De forma simplista resume-se assim a Revolução do 25 de Abril, exultada, e muito bem, por tantas publicações focadas no contexto político, militar e social do evento. Só que, curiosamente, os textos focados na vertente económica são escassos. “Embora exista uma literatura considerável dedicada à intervenção do Estado na economia durante o Estado Novo português, os anos entre 1950 e 1974 receberam pouca atenção. O caso é ainda mais grave em relação aos Planos elaborados após a Revolução dos Cravos, que foram quase esquecidos”, nota Ricardo Noronha, investigador do Instituto de História Contemporânea (IHC) e autor de dezenas de trabalhos dedicados ao período pré e pós revolucionário. Trata-se de “uma lacuna que limita a nossa capacidade de compreender a trajetória da economia portuguesa durante o XX, nomeadamente o papel desempenhado pelo Estado”, dado que “uma história do planeamento económico em Portugal pode oferecer uma perspetiva inovadora de mudança e continuidade em uma economia pequena e aberta, ao longo de um longo arco temporal”, considera. Só que, “em vez de fornecer uma conta institucional convencional ou uma avaliação econométrica do crescimento”, a pesquisa do investigador distingue-se antes por usar o planeamento económico como um ponto de vista para interpretar a transformação estrutural da sociedade portuguesa no final do século XX. E cá está o ponto de contacto com as ciências sociais e humanas.

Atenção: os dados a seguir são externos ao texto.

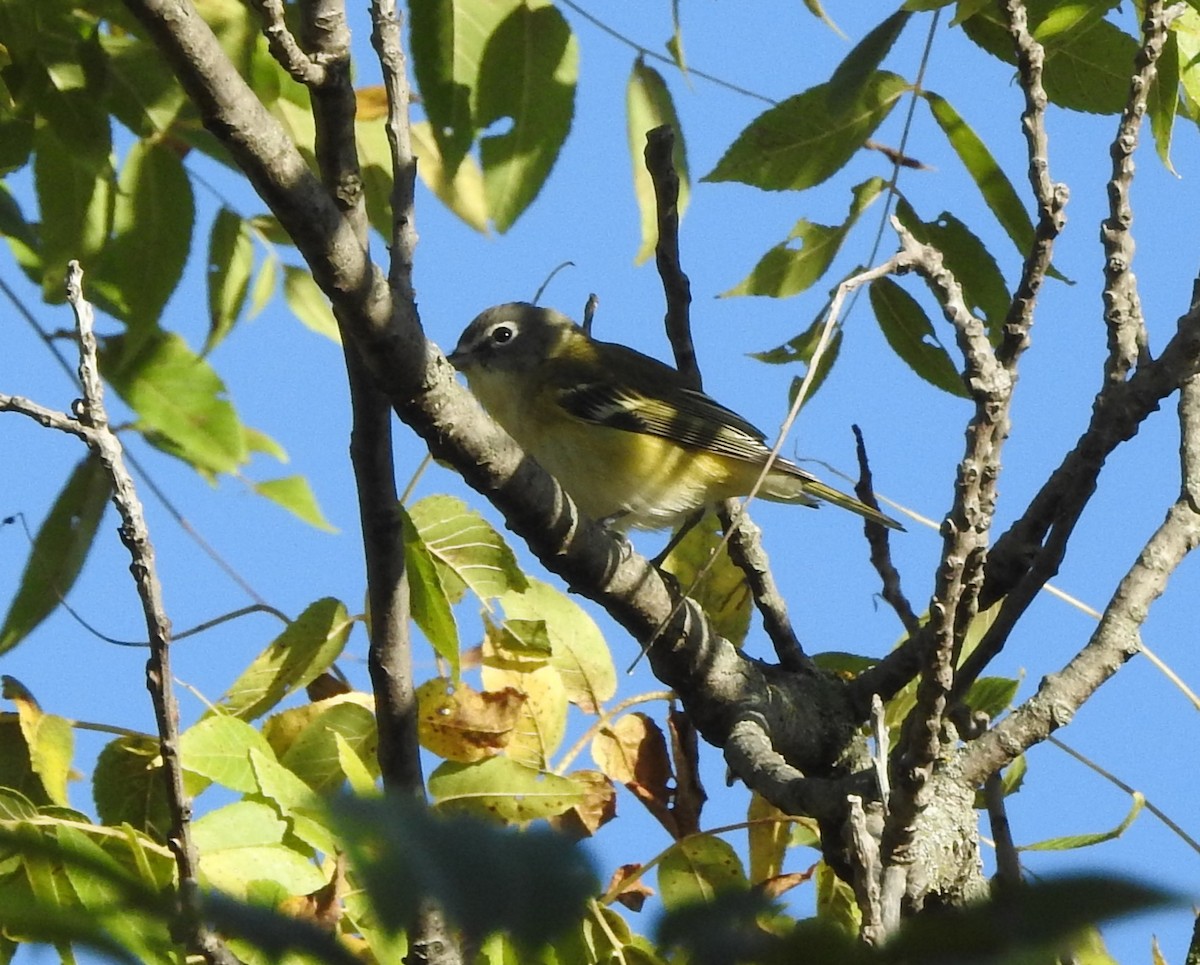 Blue-headed Vireo - ML624158143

Efetivamente, a História do 25 de Abril escreve-se de forma mais ampla pelo lado da liberdade e democracia do que pela sua vertente puramente financeira. Por exemplo, até Sérgio Godinho a ignora quando, numa das suas famosas músicas de intervenção, afirma que “só há liberdade a sério quando houver a paz, o pão, habitação, saúde, educação”. No fundo, faces da mesma moeda (recorde-se, na altura o Escudo).

O Escudo foi a moeda portuguesa antes do Euro. Hoje, 500 escudos valeriam cerca de 2,5 euros

 

“É a economia, estúpido!”*

*Frase celebrizada por James Carville, responsável pela estratégia eleitoral de Bill Clinton quando, em 1992, venceu as eleições americanas contra George W. Bush

Antes da Revolução, Portugal era governado por uma ditadura que deixou a economia num estado de subdesenvolvimento e a população em condições de pobreza, desigualdade e analfabetismo extremas. Em 1970, este último facto chega a afetar uma em cada três portuguesas. Após o golpe de Estado foram criados programas de habitação, saúde e educação que beneficiaram a população em geral, acompanhados de um programa de nacionalização de várias empresas entendidas como estratégicas, ligadas à banca, seguros, telecomunicações ou transportes. “Parte da minha investigação centrou-se principalmente na trajetória económica de Portugal entre 1976, quando um modelo de desenvolvimento liderado pelo Estado foi inscrito na Constituição, até 1989, quando o texto foi alterado para permitir a privatização de setores-chave da economia”, esclarece Ricardo Noronha. E as conclusões são interessantes.

Edifício do Banco de Lisboa – futuro Banco de Portugal – em 1862, no Largo do Pelourinho

É evidente que o golpe militar de 25 de Abril de 1974 precipitou uma crise de Estado, assinalada pelo reforço dos partidos de esquerda e pelo crescente protagonismo político dos militares do Movimento das Forças Armadas”, considera o investigador. Na altura, as políticas económicas seguidas tiveram como resultado “um substancial reforço da intervenção do Estado na esfera económica, por via da nacionalização do sistema financeiro e dos grandes grupos económicos que o controlavam”. Um dos exemplos óbvios é o da nacionalização da banca, aprovada logo em 1975 pelo Conselho da Revolução.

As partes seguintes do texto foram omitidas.